Bij kinderen dicht bij de gehoortests Spraak- en ontwikkelingstests Een intact gehoor is de basisvoorwaarde voor een normale spraakontwikkeling. Doofheid die aanwezig is sinds de geboorte of vroege kinderjaren moet zo snel mogelijk worden behandeld. Anders kan de ontwikkeling van taalontwikkelingsproblemen vaak niet volledig worden opgelost. Doofheid die optreedt na de kindertijd heeft meestal geen invloed op spraak.
Doofheid: behandeling
In de meeste gevallen kan doofheid niet worden teruggedraaid. Er zijn echter veel methoden om de ongebruikelijke gebieden van het gecompliceerde hoorsysteem te overbruggen en toch luisteren mogelijk te maken.
De behandelingsmaatregelen zijn afhankelijk van de vraag of er sprake is van volledige doofheid of dat er nog steeds enig gehoor is. In het laatste geval kan het gebruik van gehoorapparaten mogelijk zijn. Met volledige doofheid, vooral als het bilateraal is, zouden gehoorapparaten geen zin hebben. In plaats daarvan kan een operatie nuttig zijn om de persoon een Binnenoor prothese (ook wel het cochleair implantaat genoemd) wordt gebruikt. Dit moet zo snel mogelijk bij kinderen met doofheid worden gebruikt om de best mogelijke voorwaarden voor taalverwerving te creëren. Na de procedure zijn revalidatiemaatregelen belangrijk, met name intensieve luister- en spreektraining.

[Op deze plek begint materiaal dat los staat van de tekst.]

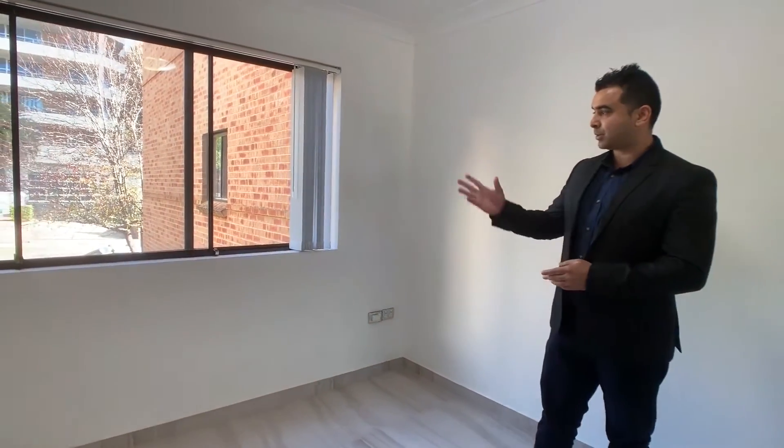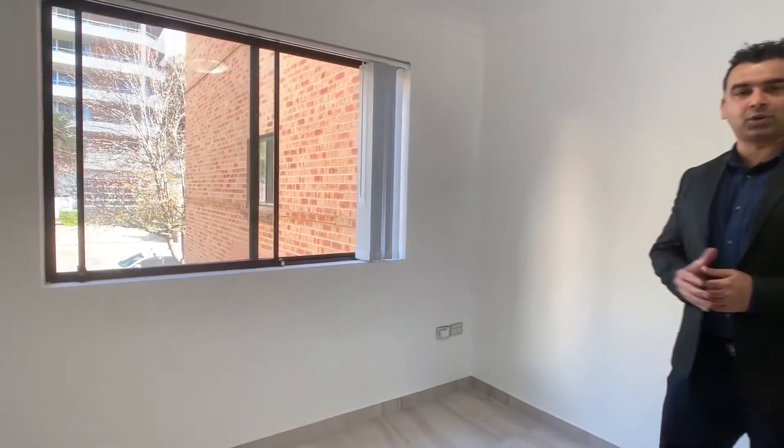This is the main bedroom. You've got mirror built-ins here, big windows, and a garden outlook. The main attraction obviously with the home is location — you're three minutes walk to Westfields Parramatta and the train station. Location is key here.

Naast de levering van gehoorapparaten of cochleaire implantaten moeten implantaten specifiek worden bevorderd. Vooral kinderen hebben baat bij het gebruik van dergelijke technieken liplezen en de gebarentaal leer vroeg. In de regel is dit ook logisch voor de mensen in de directe omgeving van de betrokken persoon.
Doofheid: ziekteverloop en prognose
Afhankelijk van de oorzaak van een gehoorstoornis, kan deze in grootte hetzelfde blijven of in de loop van de tijd toenemen. Zo kan een gehoorverlies zich ontwikkelen tot doofheid. Dergelijk progressief gehoorverlies moet daarom worden herkend en vroeg worden behandeld – soms kunnen geschikte maatregelen doofheid voorkomen. Vooral het gehoor van kinderen moet – omdat het vaak moeilijk te beoordelen is – worden getest bij het minste vermoeden van slechthorendheid door luistertests.
Een bestaande doofheid kan meestal niet worden teruggedraaid. Moderne methoden zoals de binnenoorprothese kunnen echter een beslissende bijdrage leveren aan het voorkomen van gevolgschade aan doofheid. Op deze gevolgschade is de verdoving omvatten de ontwikkeling van een verstoord spraakverstaan en ontwikkelingsstoornissen op emotioneel en psychosociaal gebied.